Leave the images aside and copy out the whole listing, exact to the word.

━━━━━ THE DATA

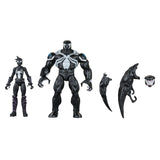 Marvel Legends Series Venom Space Knight and Marvel's Mania 6" Inch Action Figure 2 Pack - Hasbro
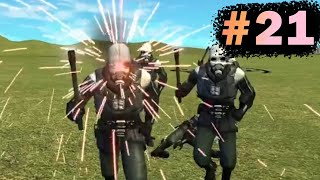 TOYBOX CLASSIC | RANDOM GMOD SANDBOX NPC RAGDOLL #21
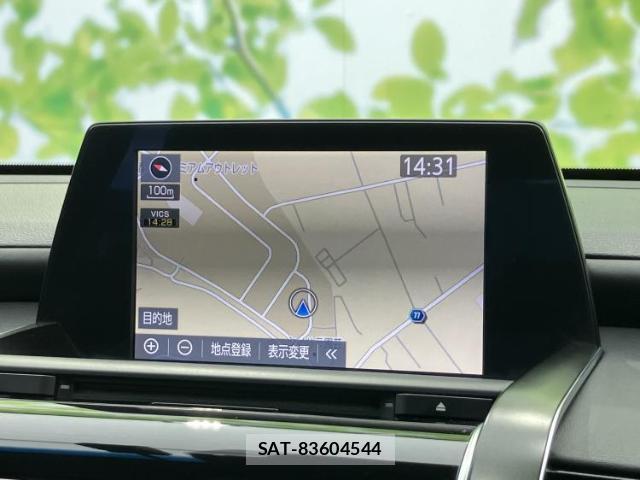 Toyota CROWN HYBRID 2019-10 7917159-9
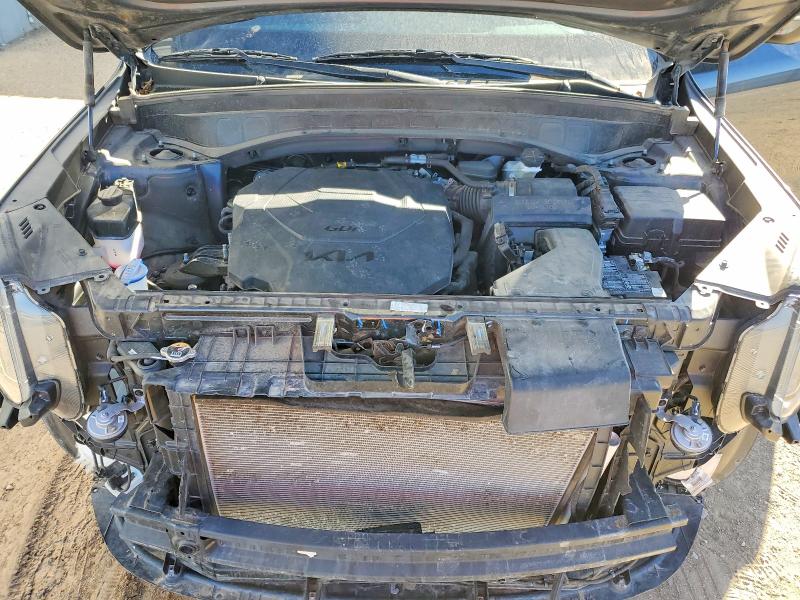 Aukcja sprzedaży 2024 Kia Telluride, vin: 5XYP34GC7RG546301, numer aukcji: 73730255
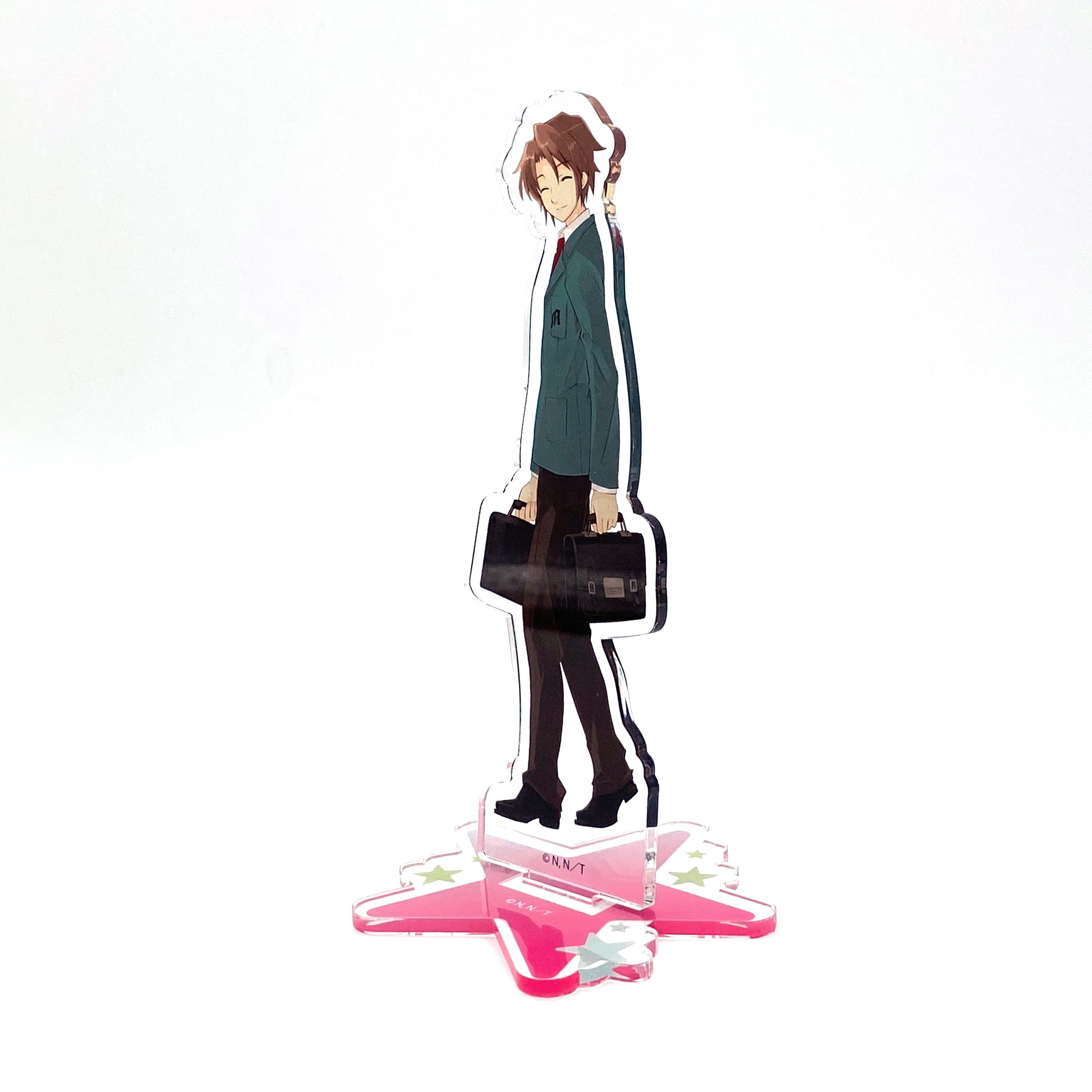 アクリルスタンド11（小泉一樹）/涼宮ハルヒシリーズ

━━━━━━━━━━

> _RESULT OF THE EXERCISE_
 Marvel Legends Series Venom Space Knight and Marvel's Mania 6" Inch Action Figure 2 Pack - Hasbro
 TOYBOX CLASSIC | RANDOM GMOD SANDBOX NPC RAGDOLL #21
 Toyota CROWN HYBRID 2019-10 7917159-9
 Aukcja sprzedaży 2024 Kia Telluride, vin: 5XYP34GC7RG546301, numer aukcji: 73730255
 アクリルスタンド11（小泉一樹）/涼宮ハルヒシリーズ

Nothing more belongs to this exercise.